Elon Musk’s reduced bare-bones Twitter operation 

Twitter is down to the bare bones under Elon Musk’s leadership, The New York Times reported.

Musk has taken drastic steps to stabilize Twitter’s finances since the billionaire bought the social media platform for $44 billion

Over the past few weeks, Twitter had stopped paying millions of dollars in rent and services, and Musk had told his subordinates to renegotiate those agreements or simply end them.

The company has stopped paying rent at its Seattle office, leading it to face eviction, two people familiar with the matter said. Janitorial and security services have been cut, and in some cases, employees have resorted to bringing their own toilet paper to the office.

Speaking on a live forum on Twitter last week, Musk compared the company to a “plane that is headed towards the ground at high speed with the engines on fire and the controls don’t work.” 

Musk said that he has been cutting costs because Twitter was on track to have a “negative cash flow situation” of about $3 billion in 2023, citing a depressed advertising environment and increased costs, like the debt payments.

Since early November, Musk has tried to save about $500 million in non-labor costs. 

He has also made drastic cuts to labor itself, laying off or firing nearly 75 percent of the company’s workforce since he took over. 

Cuts include shutting down the data center. On Christmas Eve, Twitter staff members flew to Sacramento where one of Twitter’s three main computing storage facilities is located. They were tasked with disconnecting servers that had kept Twitter running smoothly. 

Those cuts may be yielding consequences. 

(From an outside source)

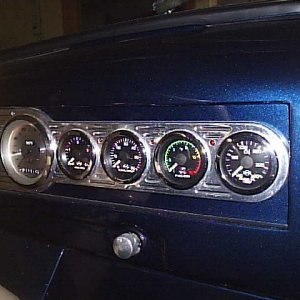 gauges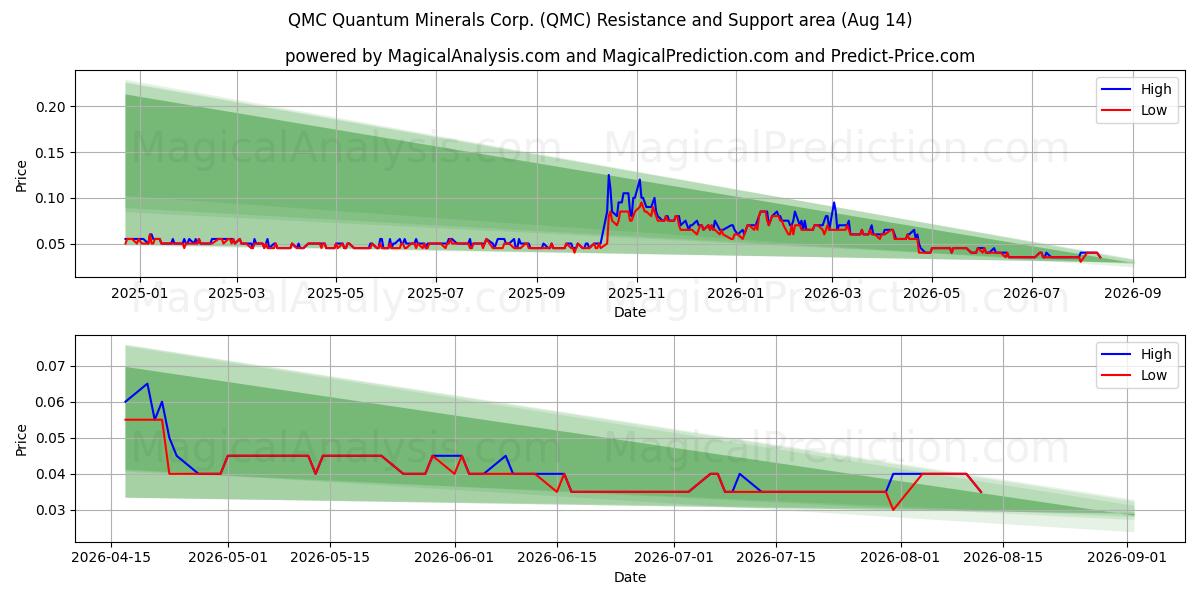  QMC Quantum Minerals Corp. (QMC) Support and Resistance area (13 Aug)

Users around the world are reporting service interruptions with Twitter, including being logged out or seeing error messages on the site. Twitter has not explained what caused the temporary outage. 

But those familiar company’s infrastructure said that if the Sacramento data facility had still been up and running, it could have helped alleviate the problem by providing backup computing capacity when other data centers failed.